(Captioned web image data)
_ _ _
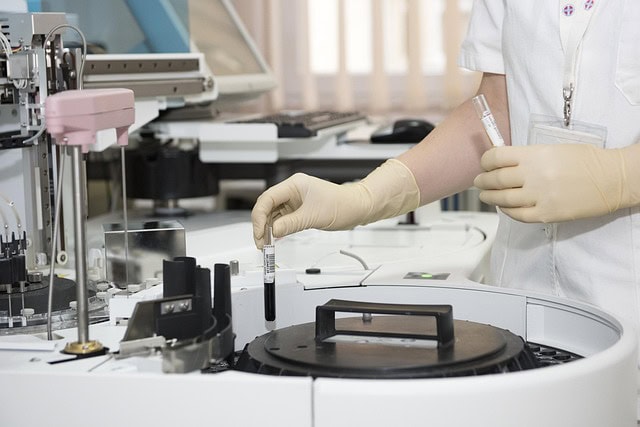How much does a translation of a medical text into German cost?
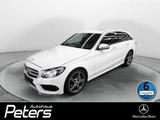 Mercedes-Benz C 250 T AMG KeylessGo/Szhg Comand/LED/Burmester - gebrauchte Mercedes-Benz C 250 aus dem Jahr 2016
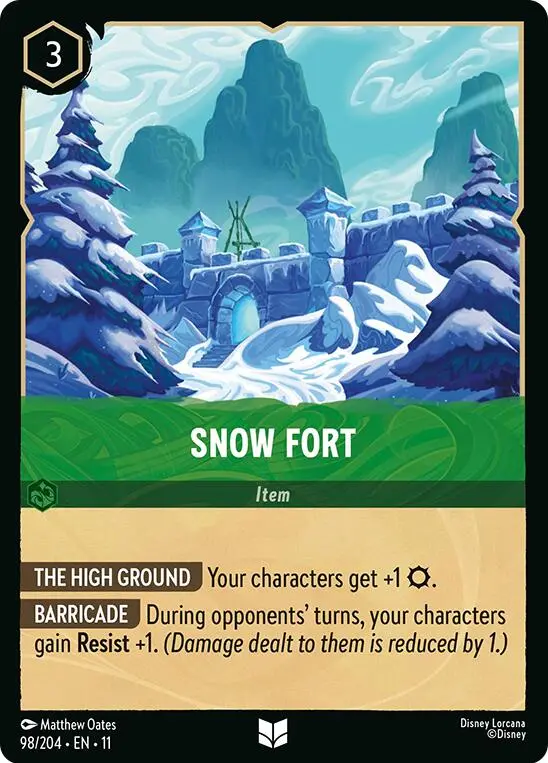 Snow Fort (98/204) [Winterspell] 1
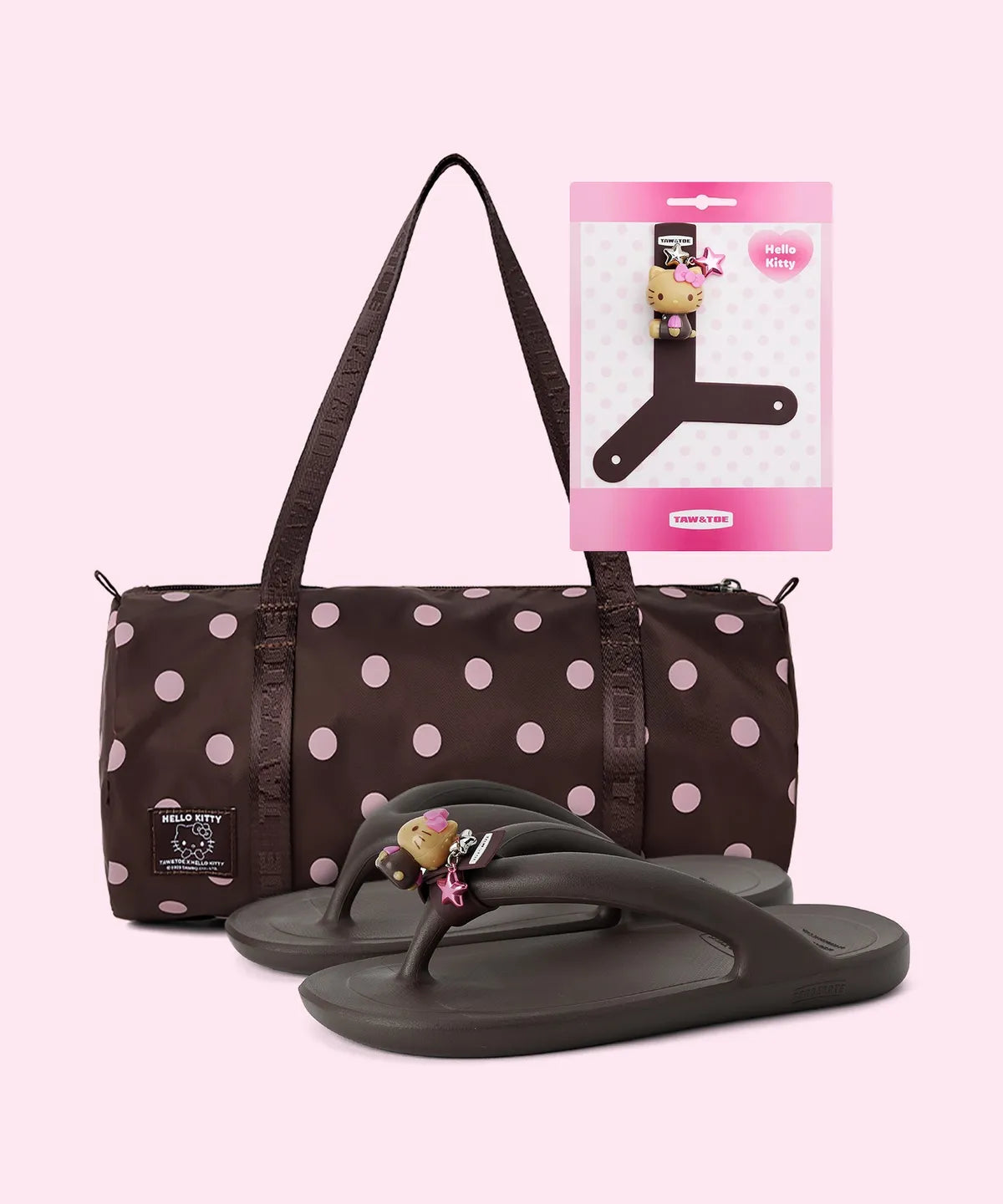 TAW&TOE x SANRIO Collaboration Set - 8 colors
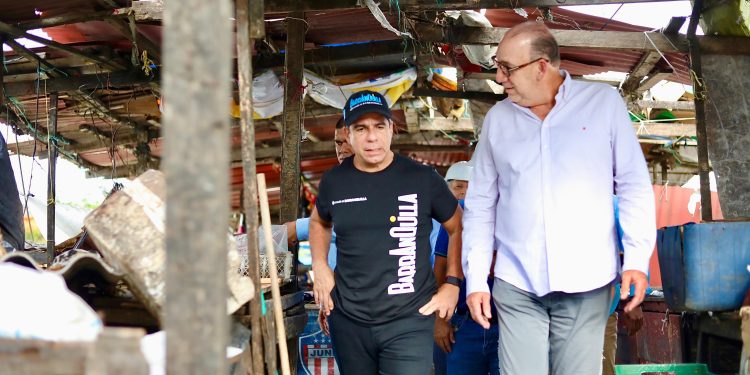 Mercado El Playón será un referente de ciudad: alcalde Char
_ _ _
* **TASK DESCRIPTION**
Restate the data word for word without pictures.

* **SOLUTION FOR THIS EXERCISE**
How much does a translation of a medical text into German cost?
 Mercedes-Benz C 250 T AMG KeylessGo/Szhg Comand/LED/Burmester - gebrauchte Mercedes-Benz C 250 aus dem Jahr 2016
 Snow Fort (98/204) [Winterspell] 1
 TAW&TOE x SANRIO Collaboration Set - 8 colors
 Mercado El Playón será un referente de ciudad: alcalde Char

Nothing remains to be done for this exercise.